De La Hoya, former professional boxer known as the “Golden Boy” and 10-time world champion, will read to the students from his children’s book “Super Oscar.” Through his firm Golden Boy Productions, De La Hoya started a charitable foundation to help underprivileged youth find a path in education.

“Reading is a fundamental skill that needs to begin at an early age, but unfortunately, not all children have access to books in their community. I am honored and excited to be a part of an initiative that educates and inspires the kids of Detroit to get excited about reading books every day,” said De La Hoya.

Ford Driving Dreams is part of Ford’s overall education efforts in Detroit with a focus on keeping students in school and promoting reading at an early age. According to a 2015 report from The Nation’s Report Card, only seven percent of Detroit eighth graders were proficient in reading.
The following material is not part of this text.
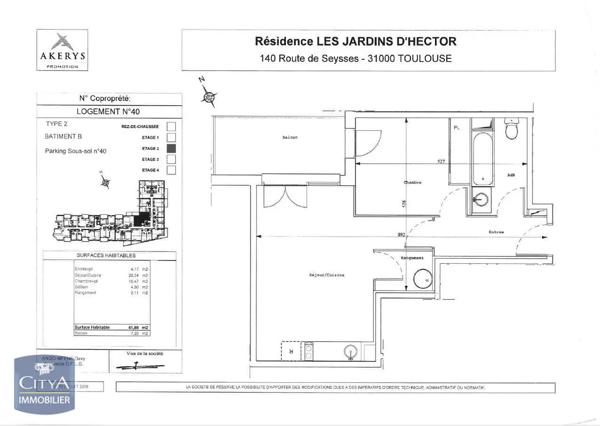 Appartement à louer 2 pièces 41.02m² Toulouse (31100)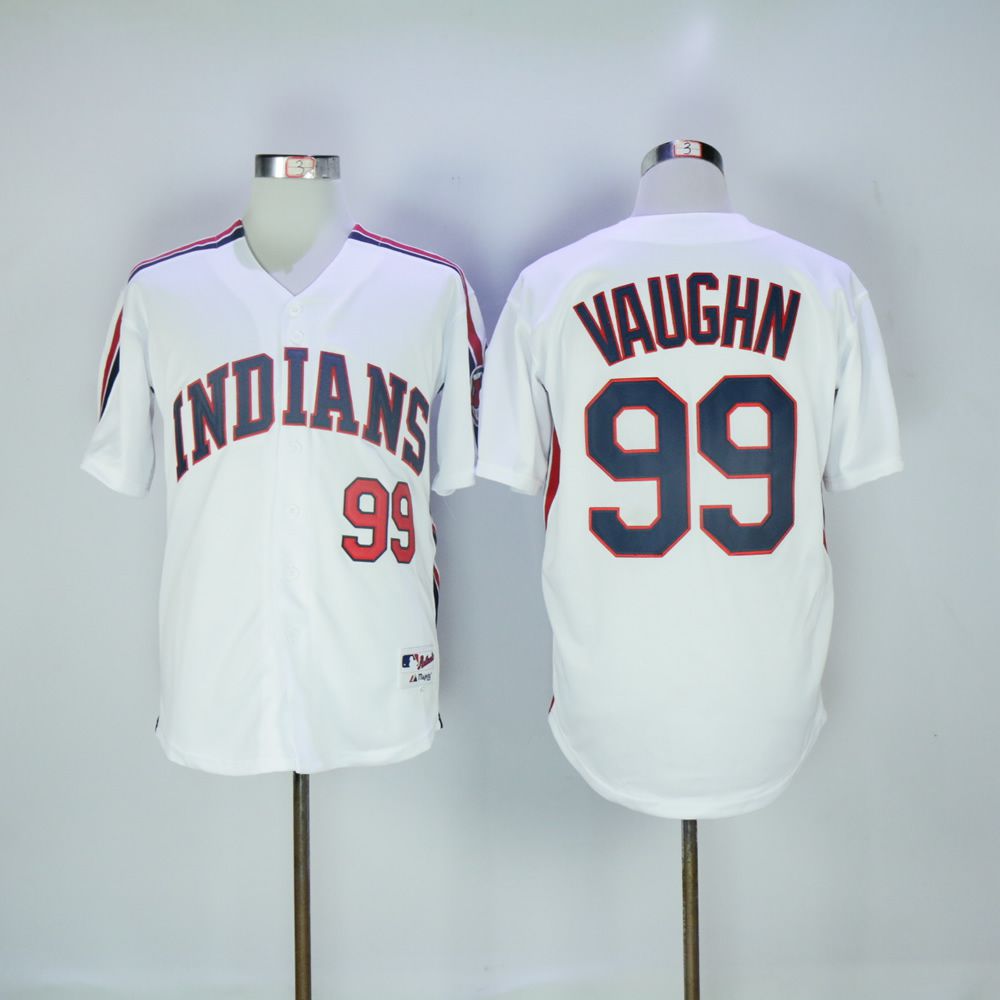 Men Cleveland Indians #99 Vaughn White Throwback MLB Jerseys1->cleveland indians->MLB Jersey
Nationally, research shows that in some low-income communities, there is only one book per 300 children. First Book is a nonprofit group that provides new books and educational resources to kids. Ford Driving Dreams was designed by Ford Motor Company Fund to help youth stay in school and pursue higher education.

Launched in 2012, the program has reached more than 75,000 students in California, Illinois, Indiana, Florida, Texas, and Panama. Ford and its philanthropic arm, have invested $161 million over 10 years in southeast Michigan. In the past year, Ford has invested $20 million in local education, arts, cultural, diversity, hunger relief, and social organizations.